Hundreds of acres of forestry destroyed by fire in Clare

Locals look on as raging fires sweep across Mount Callan on Wednesday night
Hundreds of acres of forestry were destroyed but several homes were saved during the worst gorse fires seen in Co Clare for several years, Pat Flynn reports for TMT.

At one point on Wednesday night, not a single firefighter or appliance from Co Clare's seven fire stations was available to respond to a call as they were all tied up with various incidents.

Crews from four stations spent almost 10 hours battling gorse and forestry blazes close to homes on Mount Callan in the west of the county.

The fires raged along both sides of a 4 kilometre stretch of the Ennis to Miltown Malbay R474 road which gardaí eventually had to close for safety reasons.

Fire personnel managed to save several properties including one home which was completely surrounded by fire at one point.

One farmer's shed was engulfed in flames however fire crews and locals battled to prevent the blaze spreading to other buildings. After this had been accomplished, a real fight to stop the fire spreading to forestry began.
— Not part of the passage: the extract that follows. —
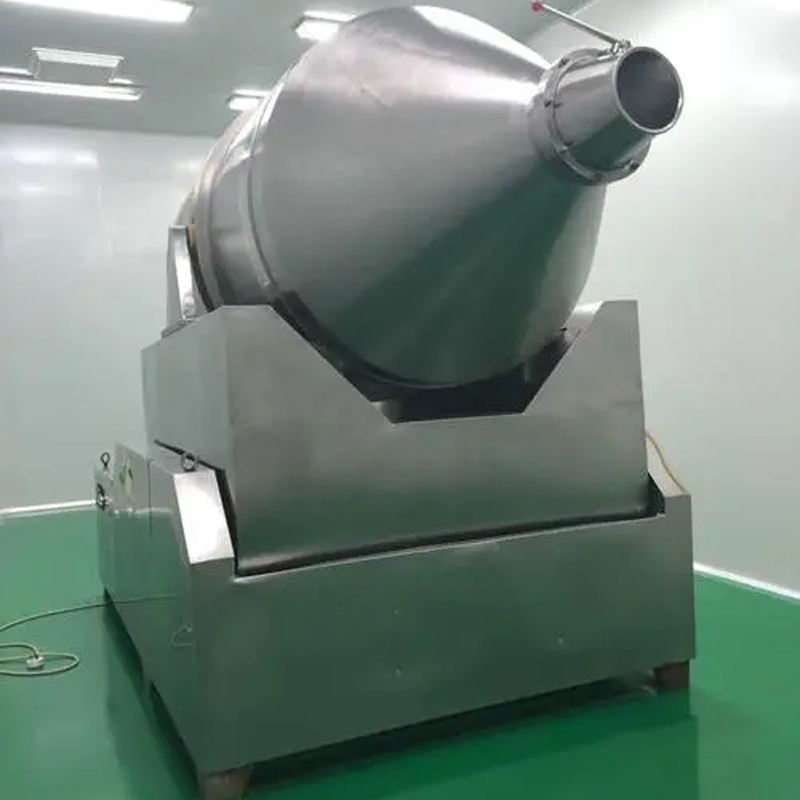 二维混合机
Despite the best efforts of firefighters and locals, hundreds of acres of forestry were lost in the fires.

Landowner Michael Sexton, one of many locals who assisted fire crews, said: "It was a fierce and dangerous fire. It was along both sides of the road and you could feel the heat in the car as you passed. I stopped as many cars as I could and told them not to drive through."

"The smoke was so thick you could hardly get through it to reach the fires. The fire brigade were busy keeping the fires from some homes. It was really frightening," he added.
A helping hand from a local man
Locals are being urged to establish an emergency response group to deal with such fires in the future.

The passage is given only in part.